Bishop Edward O’Rourke (1876-1943)

Bishop Edward O’Rourke (1876-1943)

This day in 1943 marks the death of Edward O’Rourke, the first Bishop of Danzig in Poland. The following is taken from Wikipedia:

O’Rourke was born October 26, 1876 in Basin, Minsk, Russian Empire (modern Belarus), to an aristocratic family of Irish ancestry, many of them high officers in the Russian military. They held imperial titles of the Russian Empire and of the German Holy Roman Empire, but also had petitioned to retain the Irish count title as well, which was granted by the Tsar in 1848. His father was Michael Graf O’Rourke and his mother Baltic-German Angelika von Bochwitz. He received a widespread European education and learned a number of languages.
After graduating from the famous Jesuit college in Chyrów (then Russia, now Ukraine), in 1898 he went to Riga, Latvia, where in 1903 he graduated from the Trade and Mechanics Faculty of the University of Riga. In 1903 he moved to Freiburg, Switzerland, where he continued his studies at the University of Fribourg, faculty of law, but the following year he moved to the theological faculty at the University of Innsbruck in Austria-Hungary.

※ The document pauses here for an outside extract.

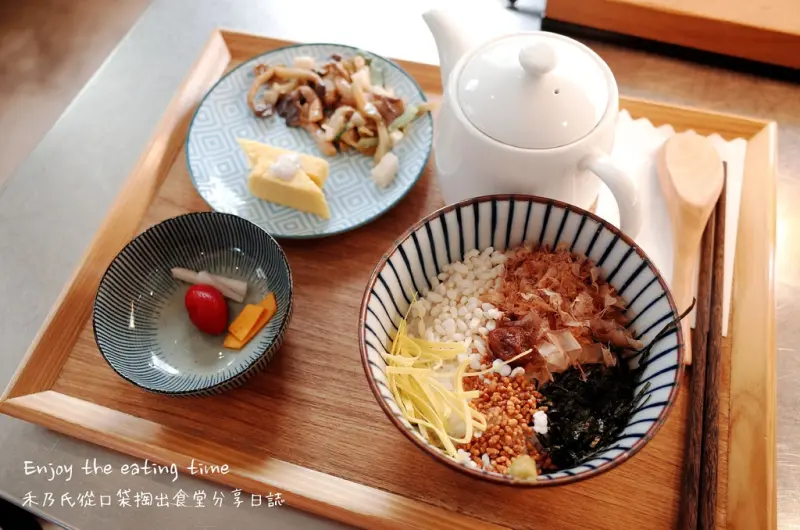 ｜關於美食（高雄KAOHSIUNG x 喜八珈琲店 Shiba Cafe）｜Enjoy the eating time禾乃氏從口袋掏出食堂分享日誌－萌萌小柴犬駐站的日式輕食饌飲空間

On October 27, 1908 he was ordained a priest in Vilna (Vilnius, Lithuania) and became a professor of ecclesiastical history, German and French language at the Seminary of the Roman Catholic Archdiocese of Minsk-Mohilev in Saint Petersburg. Between 1912 and 1915 he became the priest of the multilingual congregation of St. Stanislaus in Petersburg[1]. After the February Revolution in Russia it was decided to re-establish the diocese of Minsk and O’Rourke was appointed as its administrator and the interim head of the Catholic Church in Russia. As such O’Rourke met for the first time the Apostolic Visitor for the Baltic countries, Achille Ratti, the later Pope Pius XI. Due to the proposed independence of Latvia the diocese of Riga was established in 1918 and O’Rourke was appointed the bishop of Riga on recommandation of Ratti on 29 September 1918.
O’Rourke’s position in Riga was problematic as he managed to assume his office only after German forces had occupied Riga in early 1919. At that time shortly after World War I the ecclesiastical organisation was largely destroyed and only a few priests were active. O’Rourke, who himself didn’t speak Latvian, tried to encourage Latvian priests but tendered his resignation after a new government in Latvia was appointed and calls for a Latvian bishop raised. O’Rourke was released as the bishop of Riga on 10 April 1920 and appointed the titular bishop of Canea and Apostolic Delegate for the Baltic states, in November 1921 also the Pontifical Delegate for Russian refugees in Danzig and East Prussia, later (1928) for the Russians in Germany.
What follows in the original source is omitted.